Application of Metagenomic Long-Read Sequencing for the Diagnosis of Herpetic Uveitis.

PURPOSE

To investigate the sensitivity and specificity of herpes virus detection by nanopore metagenomic analysis (NMA) compared with multiplex polymerase chain reaction (mPCR)-positive and -negative controls.

METHODS

This study included 43 patients with uveitis who had been screened for intraocular herpes virus infection using mPCR from aqueous humor samples. Aqueous humor samples stored after mPCR were subjected to whole-genome amplification, long-read sequencing, and analysis of the phylogenetic microorganism composition using a Flongle flow cell on the Oxford Nanopore MinION platform.

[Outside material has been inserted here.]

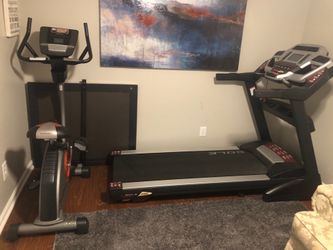 Treadmill and exercise bike $135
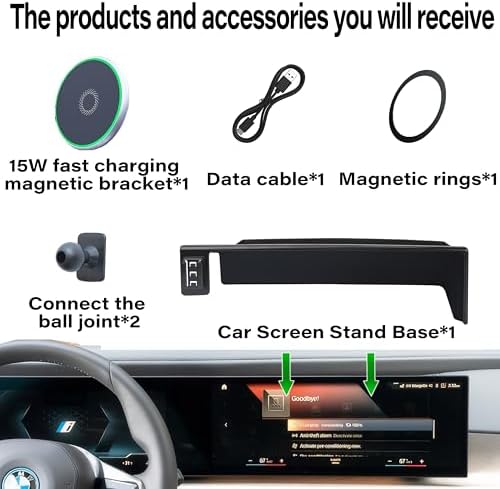 BMW 7 Series 2016-2022 Precision-Fit Phone Holder with 15 W Fast Wireless Charging – 360° Rotating Mount for Ultimate Safety and Connectivity, Perfect for 10.25/10.3 Inch Touch Screens – Premium Hands-Free Driving Accessory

For samples that tested positive with mPCR and negative with the Flongle flow cell, additional long-read sequencing was performed using a MinION flow cell, which enabled acquisition of more sequence data. The sensitivity and specificity of herpes virus detection by NMA were compared with the mPCR-positive and -negative controls.

RESULTS

NMA using a Flongle flow cell detected the pathogenic virus in 60.0% of those who tested positive by mPCR (12/20). Further analysis using the MinION flow cell successfully identified viral DNA fragments in three out of the eight initially undetected samples, yielding a collective sensitivity of 75.0% (15/20). All of the virus detected with the long-read sequencing were identical to those diagnosed by mPCR testing, and none of the samples that tested negative by mPCR revealed herpes viral DNA with the use of long-read sequencing.

CONCLUSIONS

For the detection of etiologic herpes virus DNA fragments, NMA revealed a reasonable sensitivity and high specificity. Our study highlights the potential of nanopore sequencing to facilitate further advances in uveitis diagnosis.